Sometimes he amused himself with his jester; for the Indian monarch had his jesters, as well as his more refined brethren of Europe, at that day. Indeed, he used to say, that more instruction was to be gathered from them than from wiser men, for they dared to tell the truth. At other times, he witnessed the graceful dances of his women, or took delight in listening to music,—if the rude minstrelsy of the Mexicans deserve that name,-accompanied by a VOL. II.-16

chant, in a slow and solemn cadence, celebrating the heroic deeds of great Aztec warriors, or of his own princely line.

When he had sufficiently refreshed his spirits with these diversions, he composed himself to sleep, for in his siesta he was as regular as a Spaniard. On awaking, he gave audience to ambassadors from foreign states, or his own tributary cities, or to such caciques as had suits to prefer to him. They were introduced by the young nobles in attendance, and, whatever might be their rank, unless of the blood royal, they were obliged to submit to the humiliation of shrouding their rich dresses under the coarse mantle of nequen, and entering barefooted, with downcast eyes, into the presence. The emperor addressed few and brief remarks to the suitors, answering them generally by his secretaries; and the parties retired with the same reverential obeisance, taking care to keep their faces turned towards the monarch. Well might Cortés exclaim, that no court, whether of the Grand Seignior or any other infidel, ever displayed so pompous and elaborate a ceremonial!

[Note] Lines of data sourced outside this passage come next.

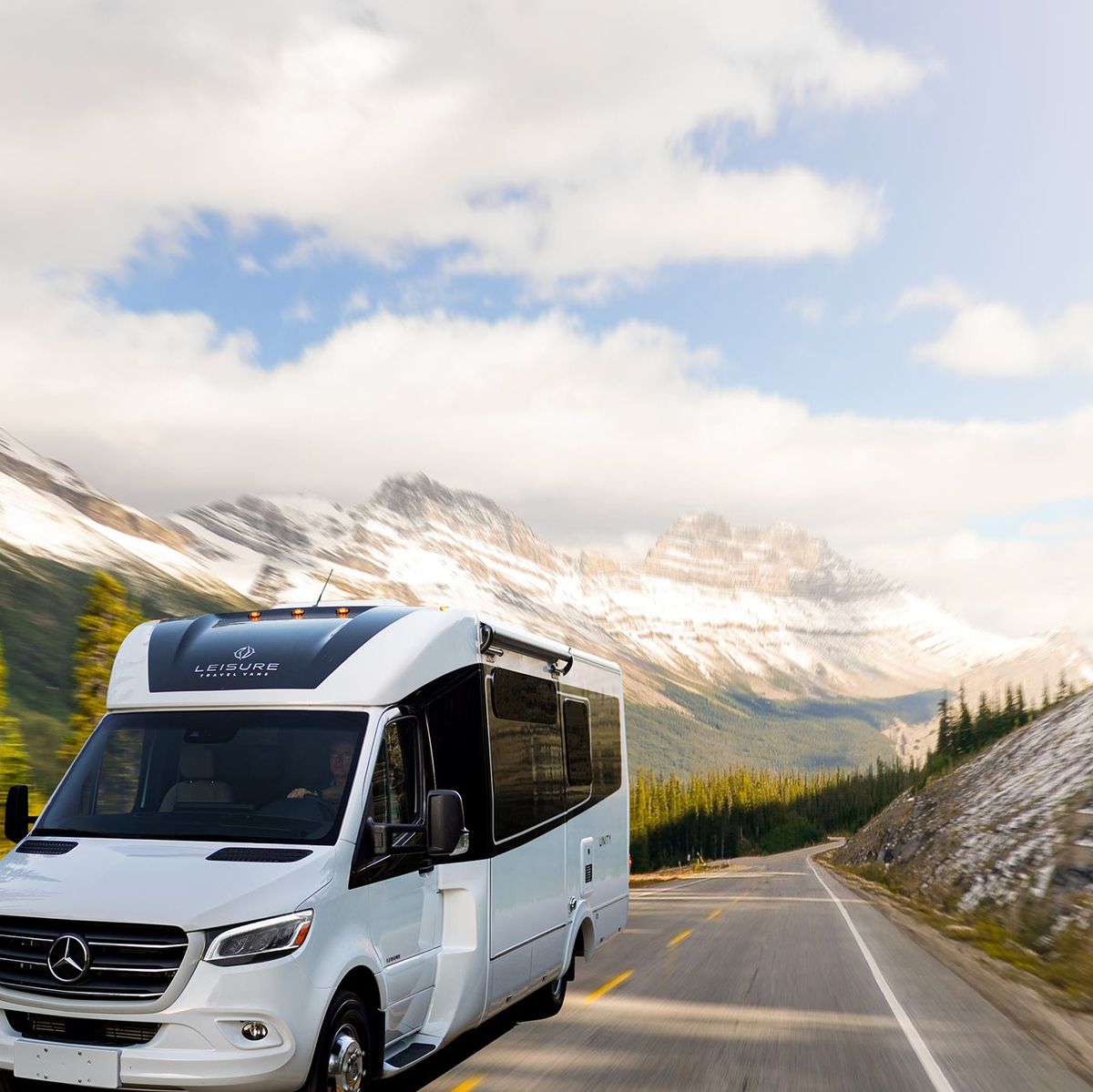 Ingenieurs herhaling Bedenk The Leisure Travel Vans Unity Is a Rolling Apartment of a Camper Van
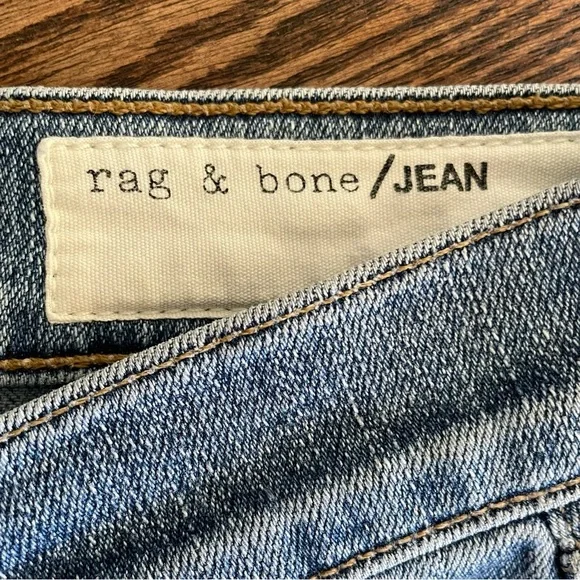 Rag & Bone Jeans Size 27 Skinny Blue Distressed - Picture 2 of 14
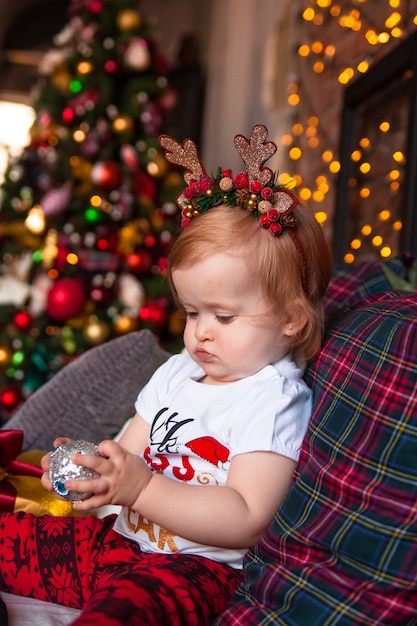 Schattig klein meisje met kerstspeelgoed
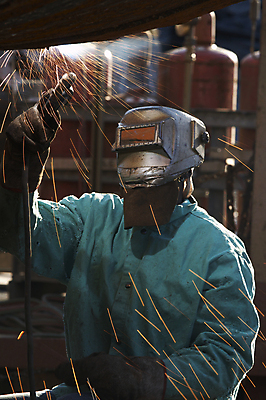 포토 JPG 해외이미지 남자 실내 한명 들기 상반신 성인 앞모습 옆모습 빛 업무 불똥 용접 용접공 용접기 용접마스크 철강 성인남자한명만 해외202004 해외포토 직업 1 뷰포인트 모션 마스크 사람 내부 작업 남자한명만 성인남자만 파일형식 이미지허브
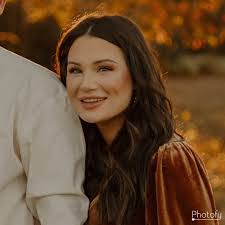 Katie Capps's Instagram, Twitter & Facebook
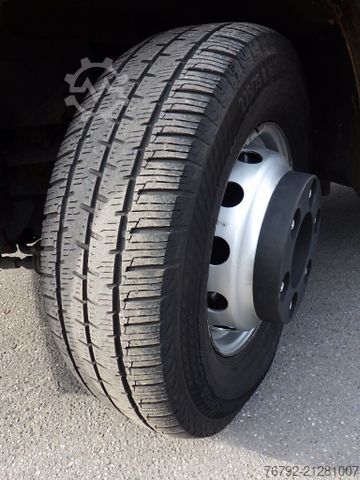 Dreiseitenkipper IVECO 70 C 18 DoKa/Kipper/Palfinger Kran/Greifer/2xAHK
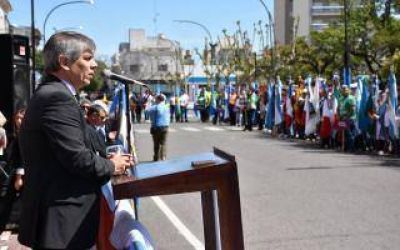 Britos encabez� el acto por el 163� Aniversario de Chivilcoy: 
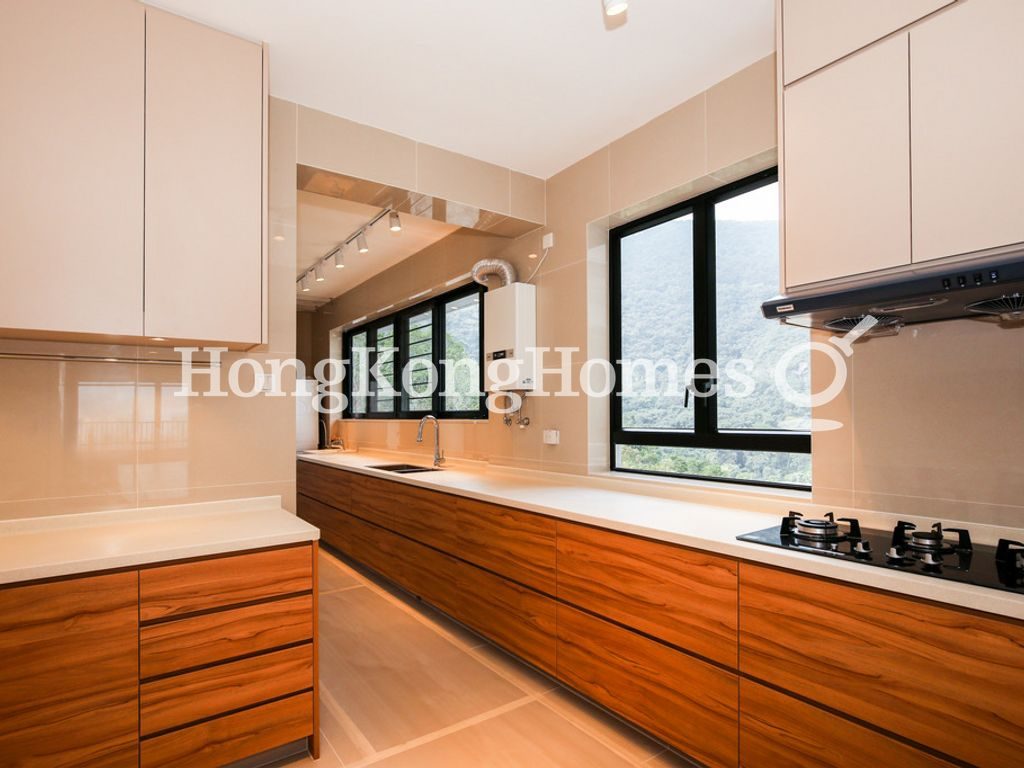 Kitchen — Evergreen Villa - Block D, Mid-levels East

Besides the crowd of retainers already noticed, the royal household was not complete without a host of artisans constantly employed in the erection or repair of buildings, besides a great number of jewellers and persons skilled in working metals, who found abundant demand for their trinkets among the darkeyed beauties of the harem. The imperial mummers and jugglers were also very numerous, and the dancers belonging to the palace occupied a particular district of the city, appropriated exclusively to

them.

The maintenance of this little host, amounting to some thousands of individuals, involved a heavy expenditure, requiring accounts of a complicated, and, to a simple people, it might well be, embarrassing nature. Every thing, however, was conducted with perfect order; and all the various receipts and disbursements were set down in the picture-writing of the country. The arithmetical characters were of a more refined and conventional sort than those for narrative purposes; and a separate apartment was filled with hieroglyphical ledgers, exhibiting a complete view of the economy of the palace. The care of all this was intrusted to a treasurer, who acted as a sort of major-domo in the household, having a general superintendence over all its concerns. This responsible office, on the arrival of the Spaniards, was in the hands of a trusty cacique named Tapia.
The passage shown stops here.